Perhaps the best known case of a genetically engineered crop potentially causing allergies was StarLink corn. Created by Aventis in 1996, StarLink contained the cry9C protein from a common soil bacterium, a strain of Bacillus thuringiensis. The cry9C protein protected the corn from several types of corn borers and black cutworms. StarLink was approved by the EPA for use in animal feed and nonfood products in 1998. But in 2000, fragments of cry9C DNA were detected in taco shells and other food products.
"Many people believed that StarLink was responsible for their asthma attacks and other allergic reactions," Gangur said. "The Centers for Disease Control took samples and tried to figure out if StarLink was the cause, but the data were inconclusive. There was really no good method to determine if StarLink caused allergic reactions. This is why our model will be such a valuable tool. We'll be able to determine the allergenic potential of genetically engineered crops before they're released into the human or animal food chain."
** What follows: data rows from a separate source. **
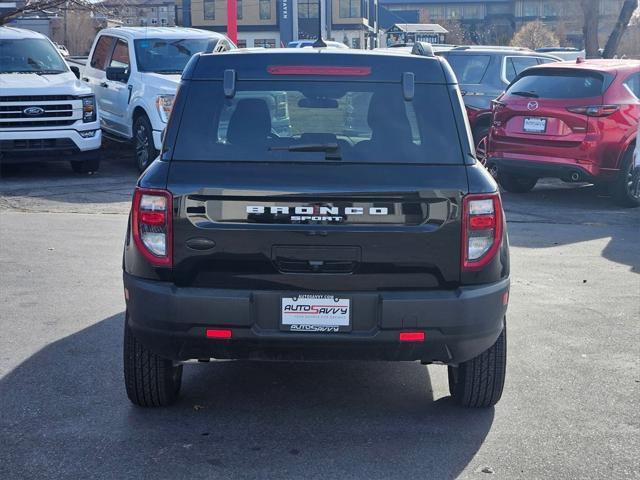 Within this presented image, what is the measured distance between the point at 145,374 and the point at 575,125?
8716mm

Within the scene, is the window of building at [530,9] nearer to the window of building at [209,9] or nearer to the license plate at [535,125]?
the window of building at [209,9]

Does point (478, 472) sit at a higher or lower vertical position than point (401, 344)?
lower

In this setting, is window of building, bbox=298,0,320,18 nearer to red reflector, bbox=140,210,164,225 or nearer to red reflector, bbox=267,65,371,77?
red reflector, bbox=267,65,371,77

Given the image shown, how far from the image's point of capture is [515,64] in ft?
55.3

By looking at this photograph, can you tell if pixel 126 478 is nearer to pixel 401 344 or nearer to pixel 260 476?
pixel 260 476

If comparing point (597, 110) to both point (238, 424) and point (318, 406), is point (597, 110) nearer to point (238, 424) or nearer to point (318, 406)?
point (318, 406)

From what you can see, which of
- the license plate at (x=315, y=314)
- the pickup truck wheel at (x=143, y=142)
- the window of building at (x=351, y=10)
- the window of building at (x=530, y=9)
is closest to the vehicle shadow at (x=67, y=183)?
the pickup truck wheel at (x=143, y=142)

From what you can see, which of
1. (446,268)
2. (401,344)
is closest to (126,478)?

Robert Tempelman, MSU professor of animal science and statistics and probability, is the project's co-investigator.
Gale Strasburg, chairperson of the MSU Department of Food Science and Human Nutrition; and Jim Pestka and Maurice Bennink, MSU professors of food science and human nutrition, also are participating in the project.
The research of Gangur, Tempelman, Pestka and Bennink is supported by the Michigan Agricultural Experiment Station.